Inclusive Playground Opens Thanks to Minneapolis Students
The new playground at Ella Baker magnet school is part of a broader trend of Minneapolis schools adding accessible playgrounds that all students can enjoy.
Sometimes it takes time to get things done just right, and that certainly has been the case with the new playground at Ella Baker Global Studies and Humanities Magnet School in Minneapolis.
Faced with the prospect of the school district installing a new play area with equipment inaccessible to some classmates, Ella Baker fourth-graders mounted a successful petition drive two years ago to block the design and then set out to create a worthy replacement.
The magnet school serves students in preschool to eighth grade and, as part of its programming, houses a citywide special education program that includes students with physical and developmental disabilities.

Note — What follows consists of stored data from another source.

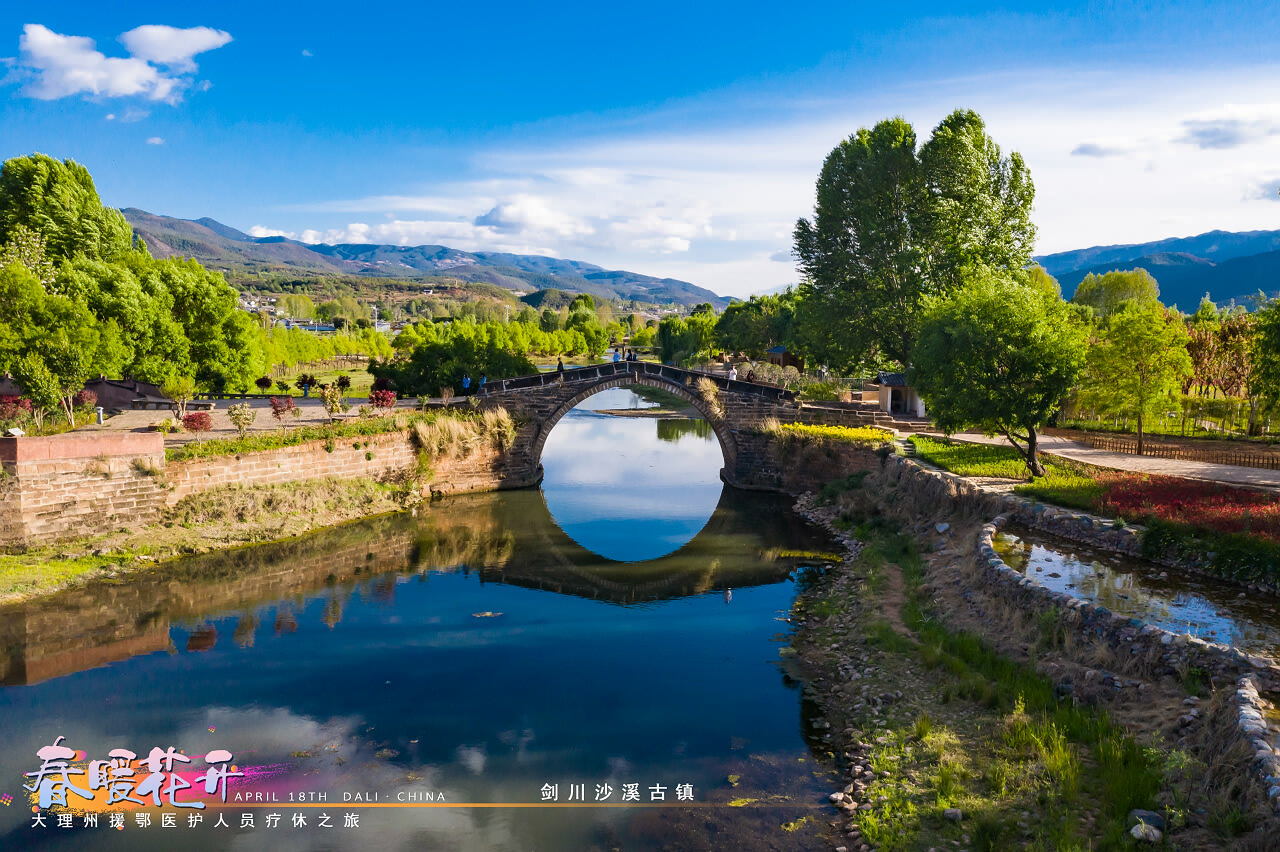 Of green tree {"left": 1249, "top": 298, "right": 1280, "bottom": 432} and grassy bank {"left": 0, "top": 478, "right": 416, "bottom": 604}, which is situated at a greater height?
green tree {"left": 1249, "top": 298, "right": 1280, "bottom": 432}

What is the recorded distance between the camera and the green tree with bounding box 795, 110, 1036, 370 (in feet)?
130

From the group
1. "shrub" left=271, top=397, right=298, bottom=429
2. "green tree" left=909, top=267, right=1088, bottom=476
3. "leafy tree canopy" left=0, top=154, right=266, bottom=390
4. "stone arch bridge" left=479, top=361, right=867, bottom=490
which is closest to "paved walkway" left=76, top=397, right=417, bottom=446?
"shrub" left=271, top=397, right=298, bottom=429

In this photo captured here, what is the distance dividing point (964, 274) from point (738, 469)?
14.9 meters

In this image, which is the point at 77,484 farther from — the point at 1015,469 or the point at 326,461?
the point at 1015,469

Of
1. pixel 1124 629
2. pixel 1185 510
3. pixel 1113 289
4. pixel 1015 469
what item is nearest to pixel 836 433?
pixel 1015 469

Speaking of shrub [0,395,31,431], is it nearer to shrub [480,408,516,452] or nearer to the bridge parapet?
shrub [480,408,516,452]

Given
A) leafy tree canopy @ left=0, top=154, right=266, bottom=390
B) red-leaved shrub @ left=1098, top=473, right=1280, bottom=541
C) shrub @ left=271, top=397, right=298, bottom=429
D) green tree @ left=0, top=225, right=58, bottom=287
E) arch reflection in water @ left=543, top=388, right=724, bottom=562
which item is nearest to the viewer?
red-leaved shrub @ left=1098, top=473, right=1280, bottom=541

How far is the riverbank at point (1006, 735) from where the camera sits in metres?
10.0

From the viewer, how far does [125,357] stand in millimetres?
37750

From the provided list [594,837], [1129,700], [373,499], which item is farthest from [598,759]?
[373,499]

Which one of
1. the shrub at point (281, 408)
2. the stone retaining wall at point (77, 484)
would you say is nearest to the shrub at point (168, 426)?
the shrub at point (281, 408)

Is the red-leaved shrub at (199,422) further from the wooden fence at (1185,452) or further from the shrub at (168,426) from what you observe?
the wooden fence at (1185,452)

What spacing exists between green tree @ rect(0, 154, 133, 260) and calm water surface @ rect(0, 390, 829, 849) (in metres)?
29.7

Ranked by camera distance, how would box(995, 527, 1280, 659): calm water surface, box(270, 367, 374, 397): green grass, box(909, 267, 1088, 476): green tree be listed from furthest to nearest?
box(270, 367, 374, 397): green grass < box(909, 267, 1088, 476): green tree < box(995, 527, 1280, 659): calm water surface
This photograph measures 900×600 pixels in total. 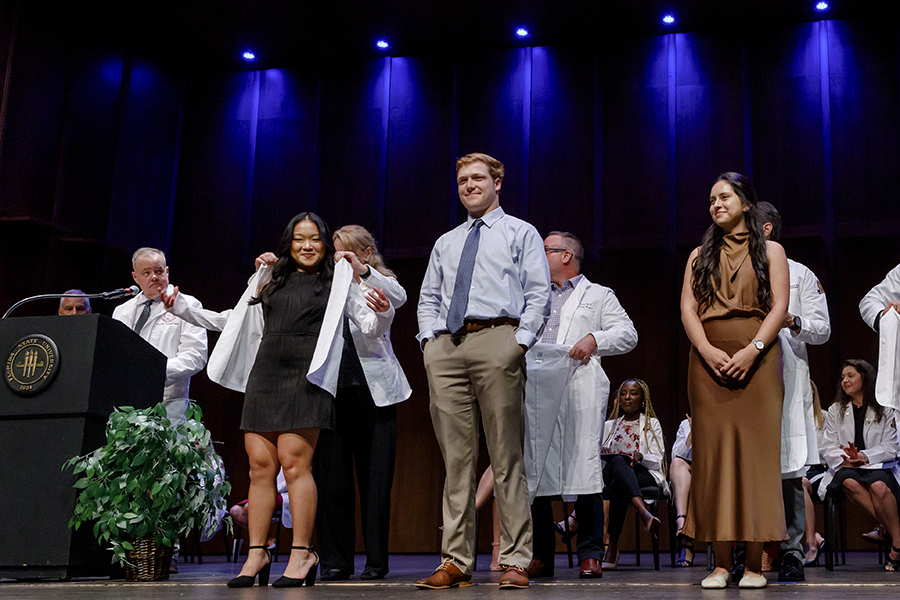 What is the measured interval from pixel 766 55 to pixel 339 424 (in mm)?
5729

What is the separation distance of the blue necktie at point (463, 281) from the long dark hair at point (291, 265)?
0.51 m

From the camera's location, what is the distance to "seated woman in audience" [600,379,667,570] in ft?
16.9

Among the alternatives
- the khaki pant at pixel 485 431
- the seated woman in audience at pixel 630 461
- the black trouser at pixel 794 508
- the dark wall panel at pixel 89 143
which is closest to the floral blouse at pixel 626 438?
the seated woman in audience at pixel 630 461

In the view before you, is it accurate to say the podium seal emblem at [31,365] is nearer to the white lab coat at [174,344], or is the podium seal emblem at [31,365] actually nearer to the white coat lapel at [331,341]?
the white lab coat at [174,344]

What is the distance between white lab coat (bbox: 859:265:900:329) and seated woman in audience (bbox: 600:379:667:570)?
1640 millimetres

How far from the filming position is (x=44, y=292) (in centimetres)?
707

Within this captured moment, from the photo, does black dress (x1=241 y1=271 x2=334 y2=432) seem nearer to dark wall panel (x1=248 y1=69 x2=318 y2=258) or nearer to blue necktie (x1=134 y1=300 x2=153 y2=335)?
blue necktie (x1=134 y1=300 x2=153 y2=335)

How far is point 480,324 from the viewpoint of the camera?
317 centimetres

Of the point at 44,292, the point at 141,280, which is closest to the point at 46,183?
the point at 44,292

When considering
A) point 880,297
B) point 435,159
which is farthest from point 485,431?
point 435,159

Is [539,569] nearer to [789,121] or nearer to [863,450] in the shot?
[863,450]

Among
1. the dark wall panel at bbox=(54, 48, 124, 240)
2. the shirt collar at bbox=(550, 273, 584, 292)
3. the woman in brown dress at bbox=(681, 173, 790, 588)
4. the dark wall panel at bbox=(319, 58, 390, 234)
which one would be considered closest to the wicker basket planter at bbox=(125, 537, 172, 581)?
the woman in brown dress at bbox=(681, 173, 790, 588)

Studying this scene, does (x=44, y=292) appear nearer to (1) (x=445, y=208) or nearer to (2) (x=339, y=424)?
(1) (x=445, y=208)

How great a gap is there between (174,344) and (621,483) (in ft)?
8.85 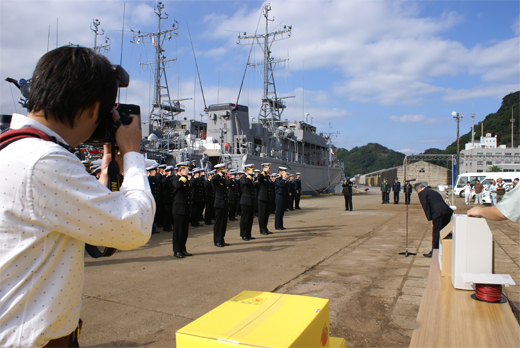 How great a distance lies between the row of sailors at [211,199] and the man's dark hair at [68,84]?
5.27 meters

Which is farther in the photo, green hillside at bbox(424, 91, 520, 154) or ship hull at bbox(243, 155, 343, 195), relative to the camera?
green hillside at bbox(424, 91, 520, 154)

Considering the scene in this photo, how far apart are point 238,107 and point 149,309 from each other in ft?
60.3

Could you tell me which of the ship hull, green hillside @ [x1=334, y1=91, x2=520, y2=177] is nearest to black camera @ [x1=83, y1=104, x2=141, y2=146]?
the ship hull

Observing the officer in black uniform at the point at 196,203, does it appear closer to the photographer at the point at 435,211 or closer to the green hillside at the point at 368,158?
the photographer at the point at 435,211

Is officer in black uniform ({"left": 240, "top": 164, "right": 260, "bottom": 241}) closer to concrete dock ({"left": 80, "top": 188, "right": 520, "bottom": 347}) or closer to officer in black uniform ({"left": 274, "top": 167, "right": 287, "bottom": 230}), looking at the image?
concrete dock ({"left": 80, "top": 188, "right": 520, "bottom": 347})

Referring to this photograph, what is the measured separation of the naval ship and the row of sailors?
413 cm

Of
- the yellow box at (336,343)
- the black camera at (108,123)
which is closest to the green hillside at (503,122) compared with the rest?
the yellow box at (336,343)

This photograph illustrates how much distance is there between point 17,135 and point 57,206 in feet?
0.85

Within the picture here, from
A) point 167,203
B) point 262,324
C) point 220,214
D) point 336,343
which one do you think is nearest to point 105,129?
point 262,324

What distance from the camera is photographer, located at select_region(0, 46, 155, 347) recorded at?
94 centimetres

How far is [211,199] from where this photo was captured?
1159 centimetres

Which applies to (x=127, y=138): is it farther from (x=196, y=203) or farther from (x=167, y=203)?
(x=196, y=203)

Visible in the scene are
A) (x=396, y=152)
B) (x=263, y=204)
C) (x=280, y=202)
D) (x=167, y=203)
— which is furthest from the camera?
(x=396, y=152)

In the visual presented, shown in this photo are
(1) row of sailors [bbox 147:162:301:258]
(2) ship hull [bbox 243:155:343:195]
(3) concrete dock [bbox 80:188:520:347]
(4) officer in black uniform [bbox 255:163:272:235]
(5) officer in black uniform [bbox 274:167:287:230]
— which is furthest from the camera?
(2) ship hull [bbox 243:155:343:195] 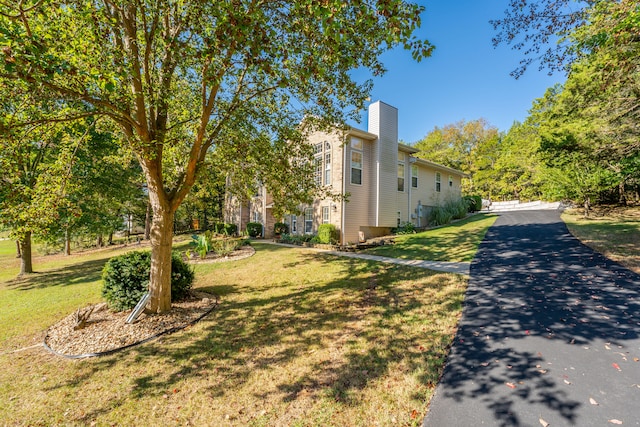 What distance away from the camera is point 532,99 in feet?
102

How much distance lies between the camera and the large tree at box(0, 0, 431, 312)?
353cm

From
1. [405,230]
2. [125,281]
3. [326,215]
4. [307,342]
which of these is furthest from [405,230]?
[125,281]

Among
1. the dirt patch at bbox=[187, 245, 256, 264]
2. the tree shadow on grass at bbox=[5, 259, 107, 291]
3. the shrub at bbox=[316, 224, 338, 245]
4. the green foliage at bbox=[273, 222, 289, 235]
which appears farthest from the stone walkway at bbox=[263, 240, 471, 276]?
the tree shadow on grass at bbox=[5, 259, 107, 291]

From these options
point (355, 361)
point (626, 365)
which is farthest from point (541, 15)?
point (355, 361)

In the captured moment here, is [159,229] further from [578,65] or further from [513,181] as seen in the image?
[513,181]

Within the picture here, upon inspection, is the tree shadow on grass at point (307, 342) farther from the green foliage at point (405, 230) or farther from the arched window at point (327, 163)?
the green foliage at point (405, 230)

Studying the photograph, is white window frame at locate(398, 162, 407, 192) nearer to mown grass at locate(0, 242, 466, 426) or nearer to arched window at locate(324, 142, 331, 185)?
arched window at locate(324, 142, 331, 185)

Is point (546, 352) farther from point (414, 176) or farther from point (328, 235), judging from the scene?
point (414, 176)

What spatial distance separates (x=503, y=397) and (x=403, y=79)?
506 inches

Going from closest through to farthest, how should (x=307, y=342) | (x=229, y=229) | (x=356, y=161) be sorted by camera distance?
(x=307, y=342) → (x=356, y=161) → (x=229, y=229)

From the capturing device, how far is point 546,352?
3754 millimetres

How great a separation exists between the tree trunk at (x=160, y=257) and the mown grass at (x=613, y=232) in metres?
11.3

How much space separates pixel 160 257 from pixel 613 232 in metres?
15.9

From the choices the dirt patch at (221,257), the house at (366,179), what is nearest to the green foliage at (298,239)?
the house at (366,179) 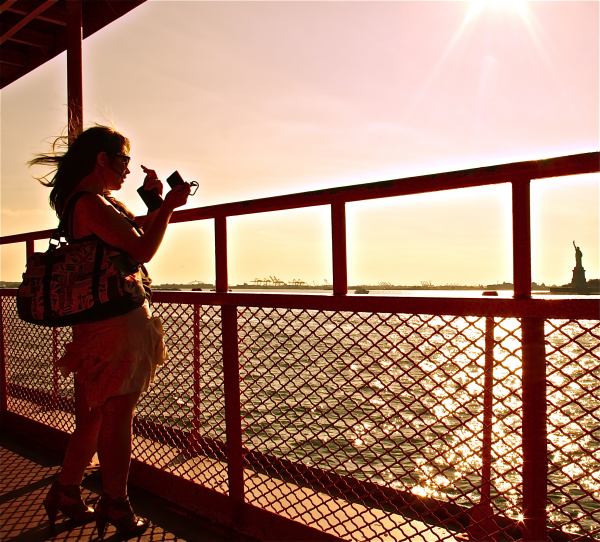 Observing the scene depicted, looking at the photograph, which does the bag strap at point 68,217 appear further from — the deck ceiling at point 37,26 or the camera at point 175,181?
the deck ceiling at point 37,26

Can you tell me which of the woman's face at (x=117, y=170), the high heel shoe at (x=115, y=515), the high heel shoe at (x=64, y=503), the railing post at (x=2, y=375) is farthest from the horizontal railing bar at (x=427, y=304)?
the railing post at (x=2, y=375)

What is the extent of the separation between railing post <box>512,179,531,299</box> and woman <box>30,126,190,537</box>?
50.7 inches

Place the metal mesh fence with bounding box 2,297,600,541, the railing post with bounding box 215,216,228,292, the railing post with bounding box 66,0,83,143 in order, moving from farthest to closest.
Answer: the railing post with bounding box 66,0,83,143
the railing post with bounding box 215,216,228,292
the metal mesh fence with bounding box 2,297,600,541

The last of the major playground pieces came together in late October, and on Tuesday, several student leaders — now sixth-graders — climbed onto one of the inclusive play area’s most coveted features: a saucer-like “Oodle Swing” that allows kids to sway on it together.
Together being what this has been all about.
“We’ve had kids who are deaf, and kids who have vision impairments and really poor balance, who’ve been able to go on there with their friends,” said Jessica Knutson, a physical therapist with Minneapolis Public Schools. “That’s never been able to happen before.”